A Bias Injection Technique to Assess the Resilience of Causal Discovery Methods
Author(s) -
Martina Cinquini,
Karima Makhlouf,
Sami Zhioua,
Catuscia Palamidessi,
Riccardo Guidotti
Publication year - 2025
Publication title -
ieee access
Language(s) - English
Resource type - Magazines
SCImago Journal Rank - 0.587
H-Index - 127
eISSN - 2169-3536
DOI - 10.1109/access.2025.3573201
Subject(s) - aerospace , bioengineering , communication, networking and broadcast technologies , components, circuits, devices and systems , computing and processing , engineered materials, dielectrics and plasmas , engineering profession , fields, waves and electromagnetics , general topics for engineers , geoscience , nuclear engineering , photonics and electrooptics , power, energy and industry applications , robotics and control systems , signal processing and analysis , transportation
Causal discovery (CD) algorithms are increasingly applied in socially and ethically sensitive domains.
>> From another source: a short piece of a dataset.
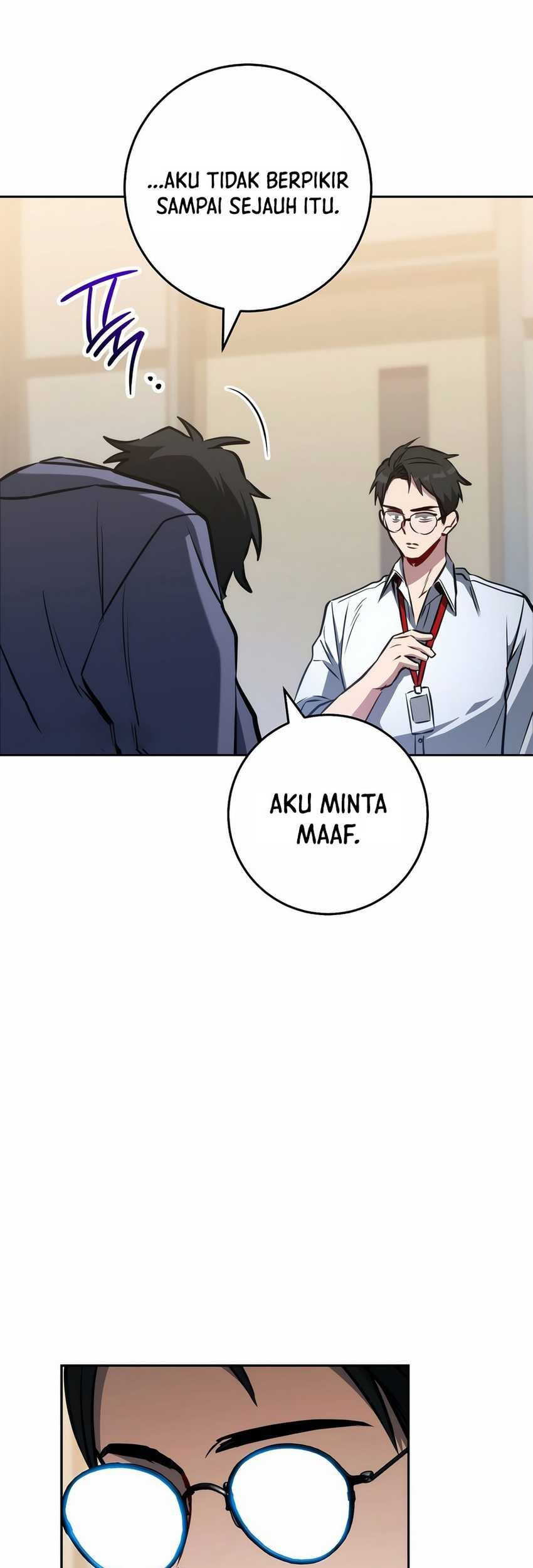 Chapter 3 - halaman 91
However, their evaluation under realistic conditions remains challenging due to the scarcity of real-world datasets annotated with ground-truth causal structures. Whereas synthetic data generators support controlled benchmarking, they often overlook forms of bias, such as dependencies involving sensitive attributes, that may significantly affect the observed distribution and compromise the trustworthiness of downstream analysis. This paper introduces a novel synthetic data generation framework that enables controlled bias injection while preserving the causal relationships specified in a ground-truth causal graph. The aim of the framework is to evaluate the reliability of CD methods by examining the impact of varying bias levels and outcome binarization thresholds. Experimental results show that even moderate bias levels can lead CD approaches to fail to correctly infer causal links, particularly those connecting sensitive attributes to decision outcomes. These findings underscore the need for expert validation and highlight the limitations of current CD methods in fairness-critical applications. Our proposal thus provides an essential tool for benchmarking and improving CD algorithms in biased, real-world data settings.